▸ **ACTIVITY**:
Write out again, word for word, the lines below from the line that holds "IAI Sunan Kalijogo" through the line that holds "Sherwin-Williams Spare White", omitting pictures.

[RECORDS FOR THIS EXERCISE — start]

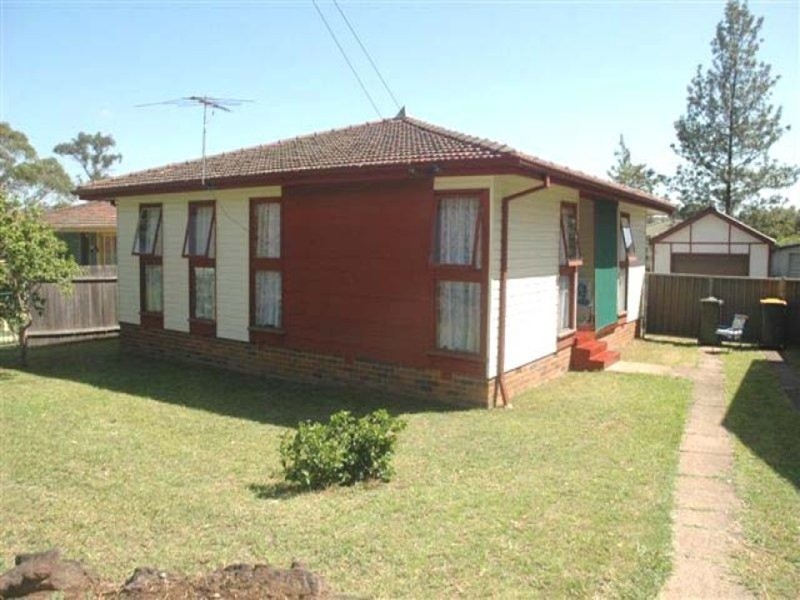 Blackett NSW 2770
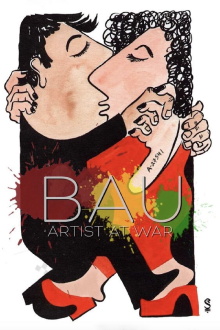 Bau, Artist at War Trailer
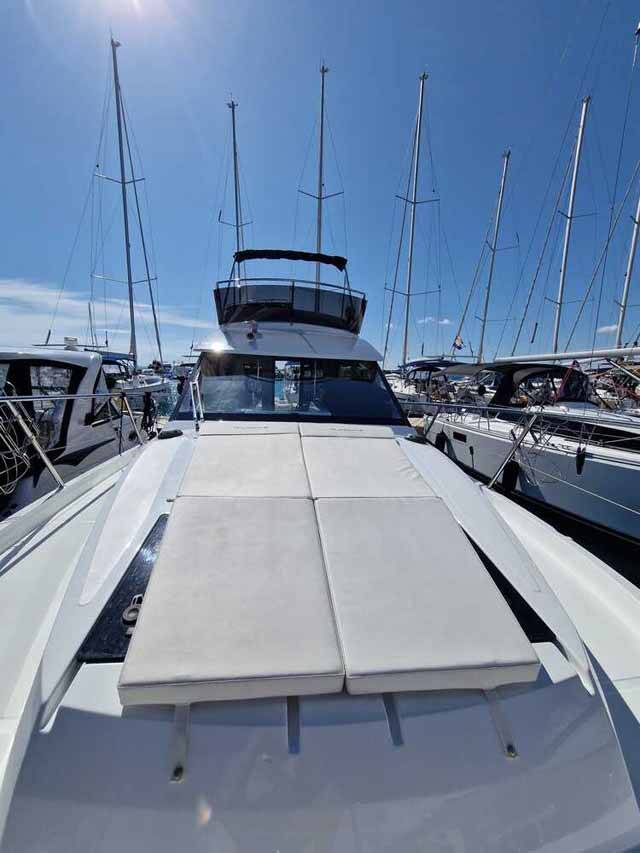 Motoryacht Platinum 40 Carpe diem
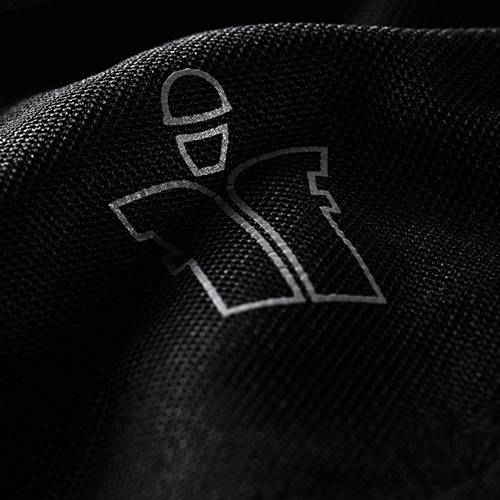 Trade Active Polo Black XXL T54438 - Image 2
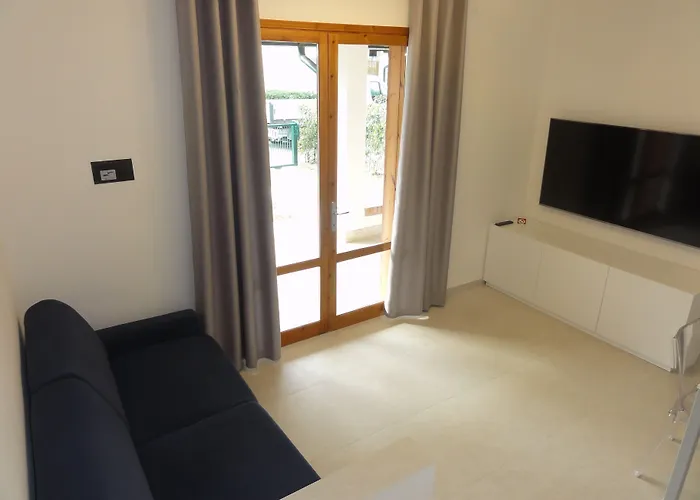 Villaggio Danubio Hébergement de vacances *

[RECORDS FOR THIS EXERCISE — finish]
[RECORDS FOR THIS EXERCISE — start]

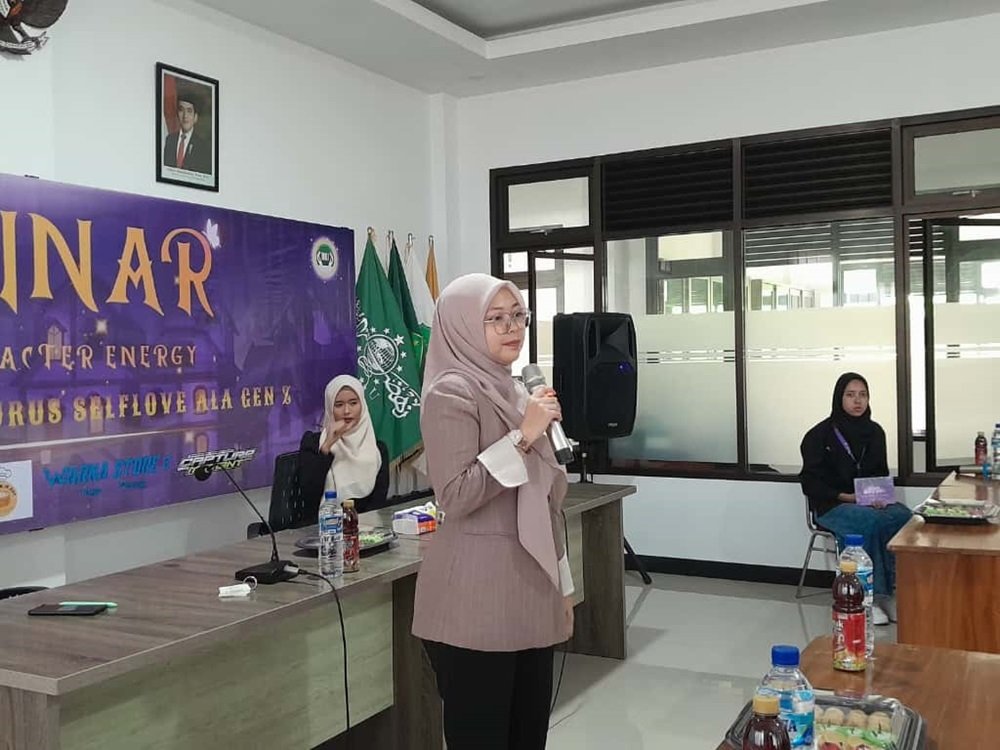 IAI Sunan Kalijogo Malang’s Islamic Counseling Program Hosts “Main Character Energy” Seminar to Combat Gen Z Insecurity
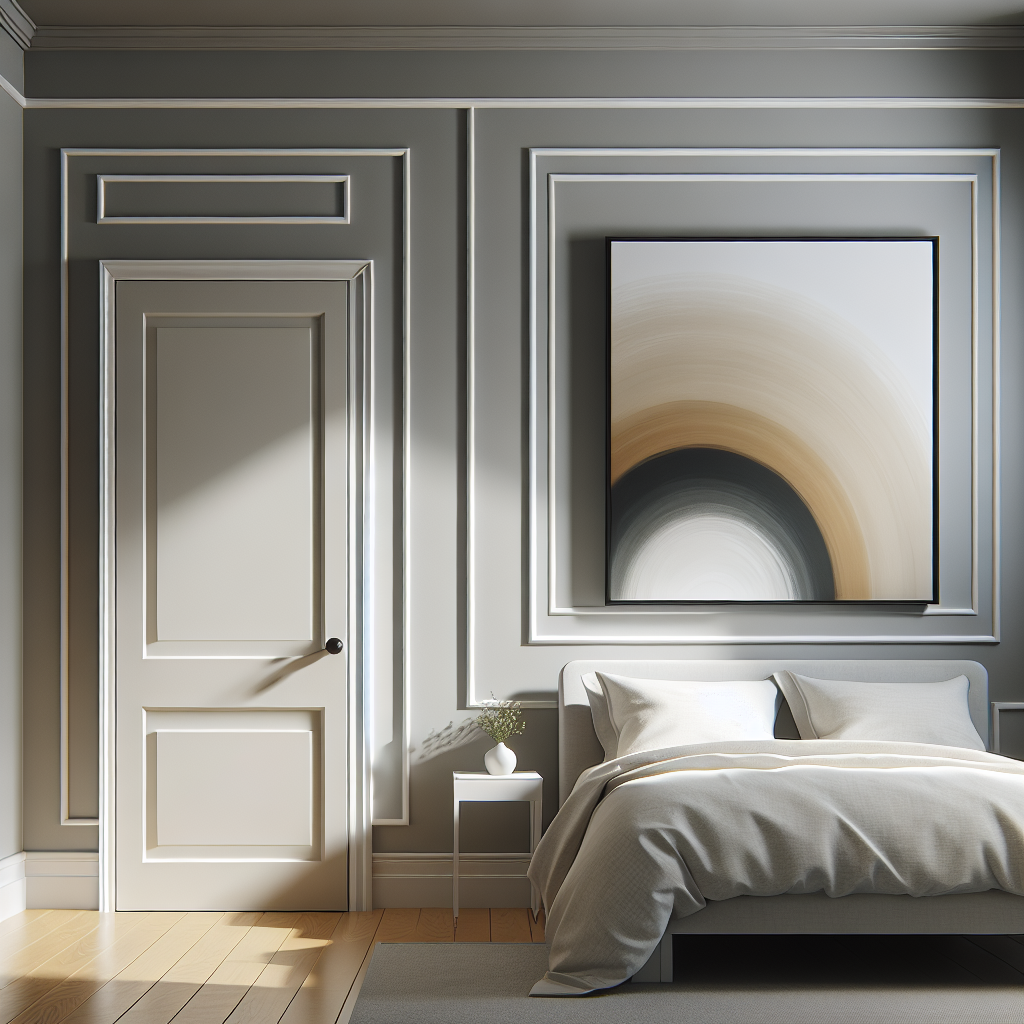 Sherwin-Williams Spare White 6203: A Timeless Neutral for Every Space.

[RECORDS FOR THIS EXERCISE — finish]

▸ **SOLUTION FOR THIS TASK**:
 IAI Sunan Kalijogo Malang’s Islamic Counseling Program Hosts “Main Character Energy” Seminar to Combat Gen Z Insecurity
 Sherwin-Williams Spare White 6203: A Timeless Neutral for Every Space.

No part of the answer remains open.